I haven't kept up... is there somewhere we can buy Beesource hats? or Tee shirts?


----------



## timgoodin (Mar 10, 2007)

I'm planning to go, looking forward to it.

Tim


----------



## Goat Man (Nov 23, 2011)

I'll be there! sam from Bourbon, MO.
I sent in the registration form and money a couple of weeks ago and I haven't heard back from them..
I hope they are just behind a little..


----------



## Broke-T (Jul 9, 2008)

I never got a response either. Looks like there is a need for workers in this assn.

Johnny


----------



## timgoodin (Mar 10, 2007)

Broke-T said:


> I never got a response either.



Me either, hope they have a big list at the front door.

Tim


----------



## tommyt (Aug 7, 2010)

Heartland Apicultural Society
Annual Conference
University of Missouri at St Louis
July 12 - 14, 2012
17 Vendors will be on hand for HAS 2012, many with beekeeping supplies. Call them now with your order to save on shipping costs! Click here for a list.
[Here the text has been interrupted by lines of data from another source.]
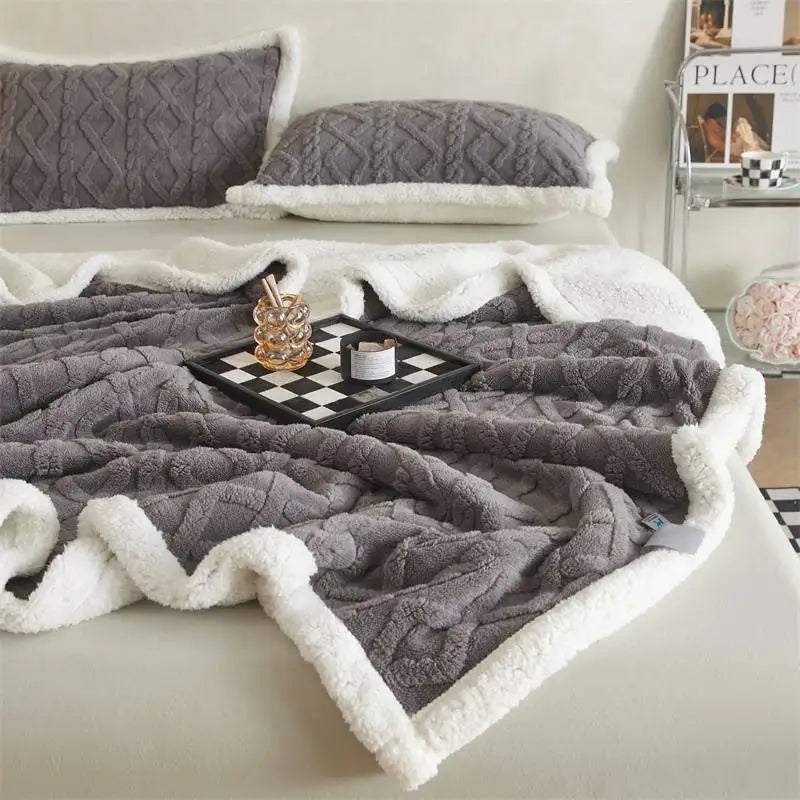 Winter Blanket Lamb Wool weighted Super Soft Double Side Microfiber Flannel Throw Blanket for Bed Comfortable Warm Comforter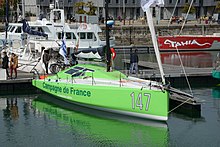 Le monocoque à quai dans le port de La Rochelle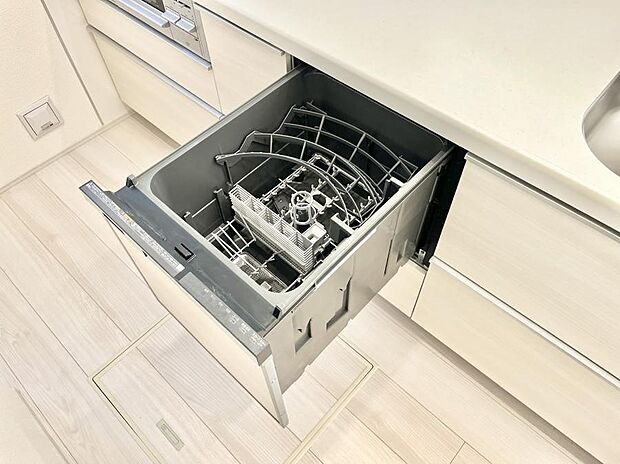 面倒なお片づけは食洗機にお任せ！家事の負担が減って、時間にも気持ちにもゆとりができます。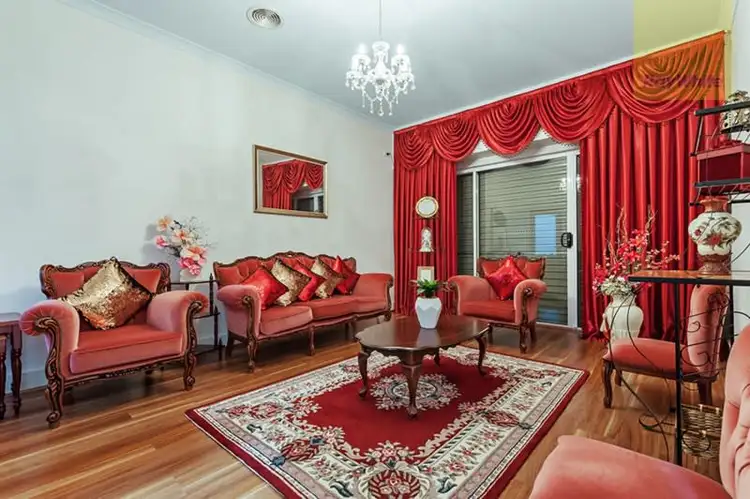 Sixth view of Homely house listing, 8 Woodgrove Street, Craigieburn VIC 3064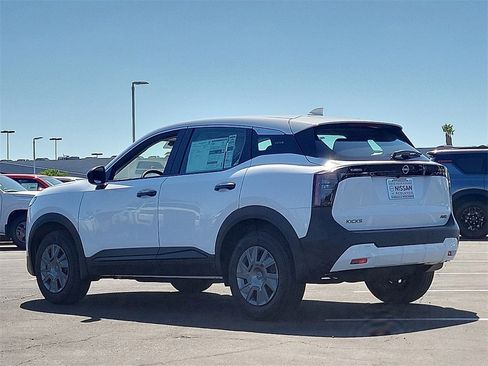 New 2025 Nissan Kicks S image 2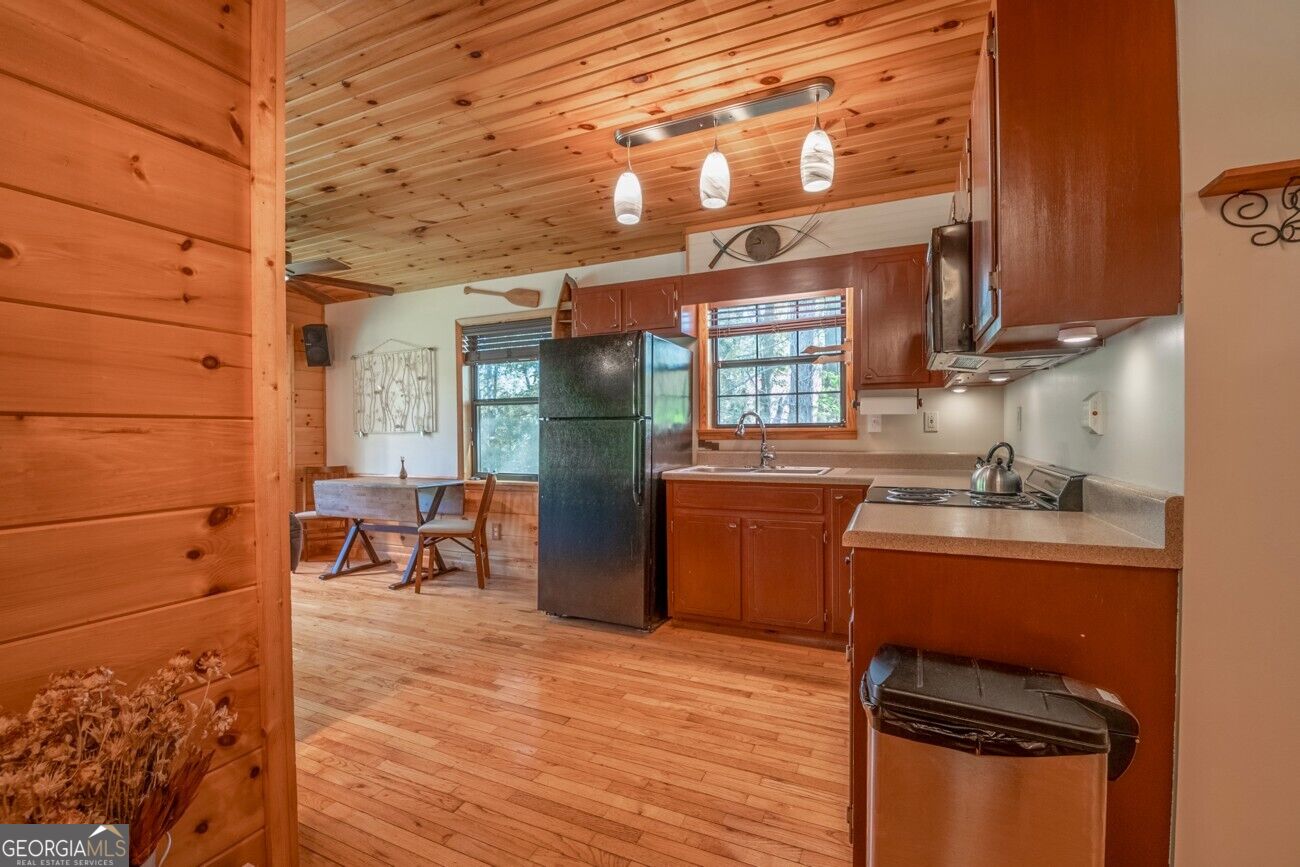 115 Lakeview Drive Property Photo 13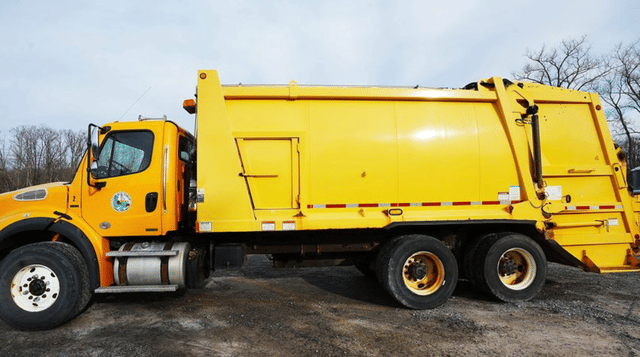 Image of Freightliner M2 112 equipment image 1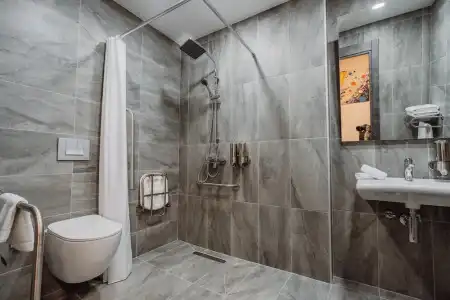 Best Western Plus Batumi - 22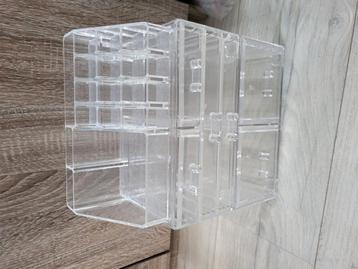 Make-up organizer beschikbaar voor biedingen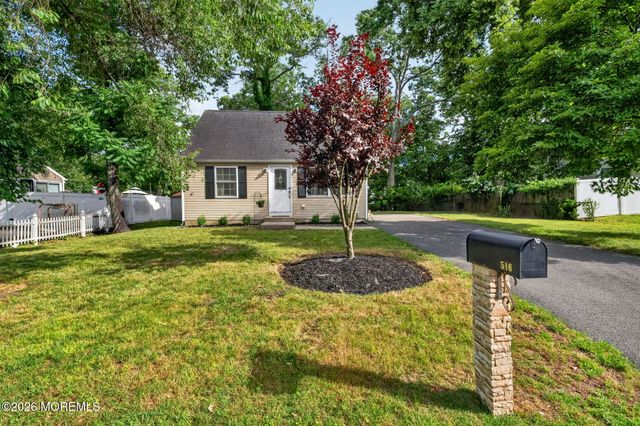 516 Middle Lane, Howell, NJ 07731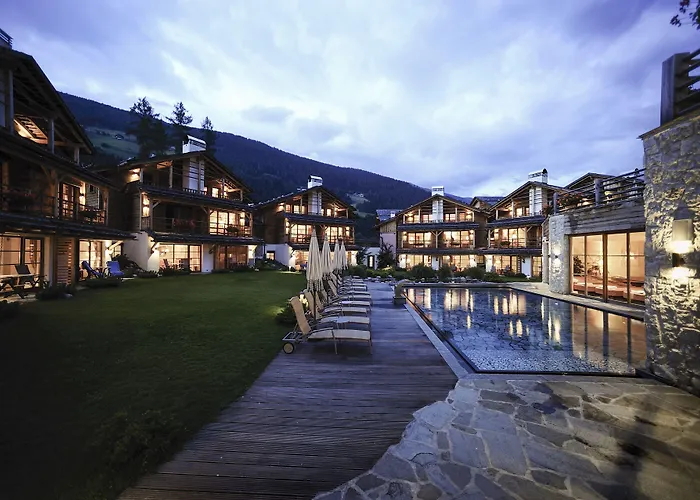 Post Alpina - Family Mountain Chalets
Tentative Schedule now online: Click here to view the schedule. Minor changes may still be made to the schedule as we approach the conference 

*Pre-registration is CLOSED*. However, you are welcome to register at the door. Pay as you go lunch will be available at the student center and a limited number of breakfasts and dinners in the dining room will be available. On-site registration cost is $25 per day or $60 for 3 days.


----------